* EXERCISE INSTRUCTIONS *
Here the job is to transcribe only the lines from the one containing "Vintage Navajo Print" through the last line below, exactly as written; please leave out pictures.

━━ EXERCISE DATA ━━

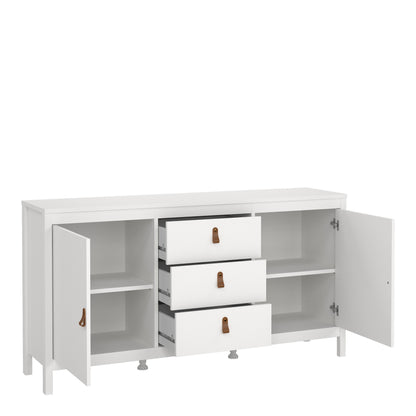 Cote | Furniture Barcelona Double Dresser, Chest of Drawers, 2 Door + 3 Drawer - White Barcelona, Sideboards 725796704949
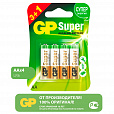 Батарейки КОМПЛЕКТ 4 шт., GP Super, AA (LR6,15А), алкалиновые, пальчиковые, ПРОМО 3+1, 15A3/1-2CR4 - 12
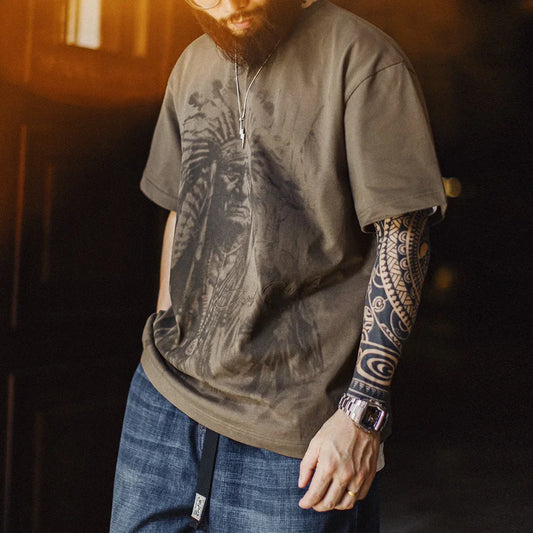 Vintage Navajo Print Short Sleeve T-Shirt Men's Summer Heavyweight Cotton Tee Letter Embroidered Loose Fit Crew Neck Tops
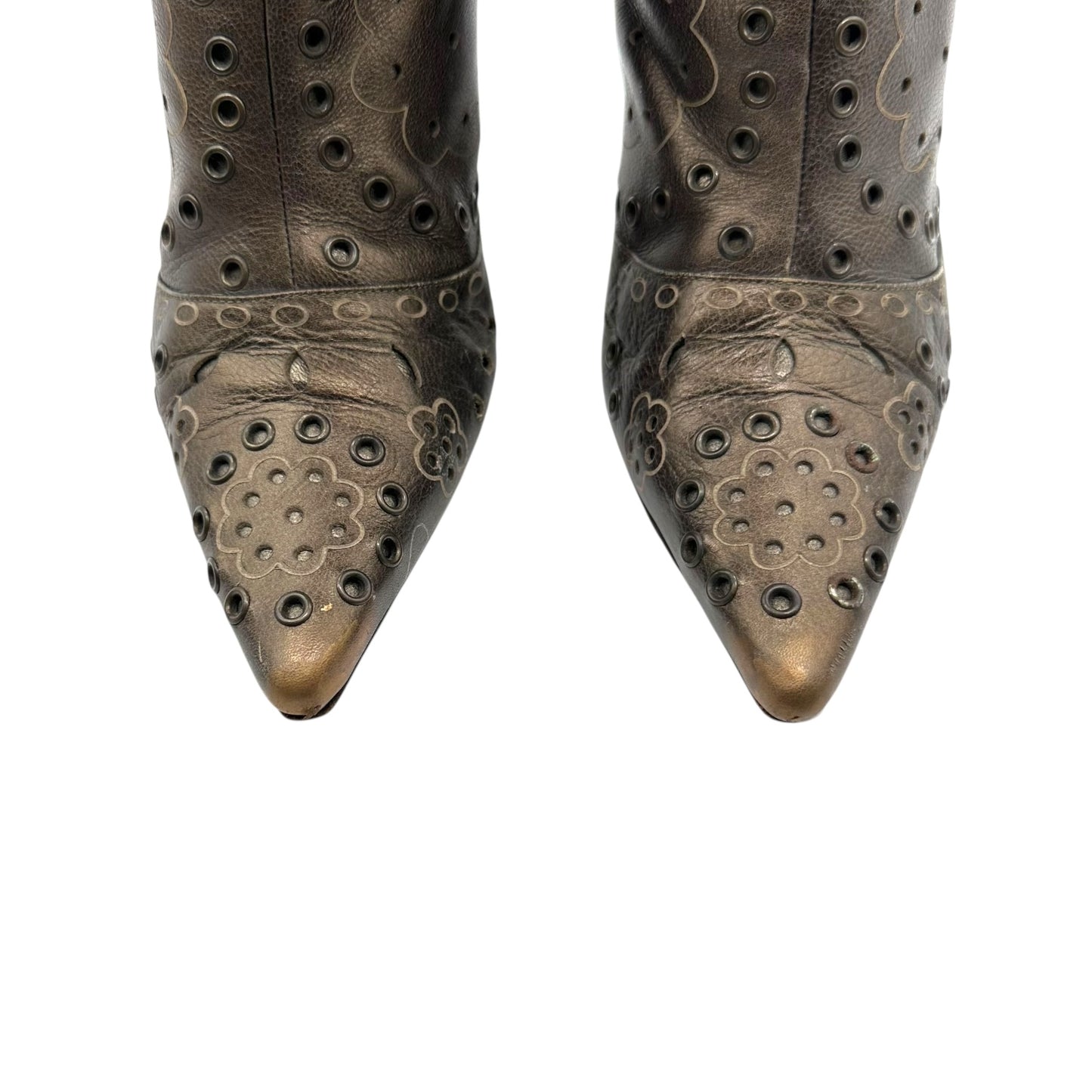 Jimmy Choo Bronze Leather Floral Print Grommet Boots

━━━

* EXERCISE SOLUTION *
 Vintage Navajo Print Short Sleeve T-Shirt Men's Summer Heavyweight Cotton Tee Letter Embroidered Loose Fit Crew Neck Tops
 Jimmy Choo Bronze Leather Floral Print Grommet Boots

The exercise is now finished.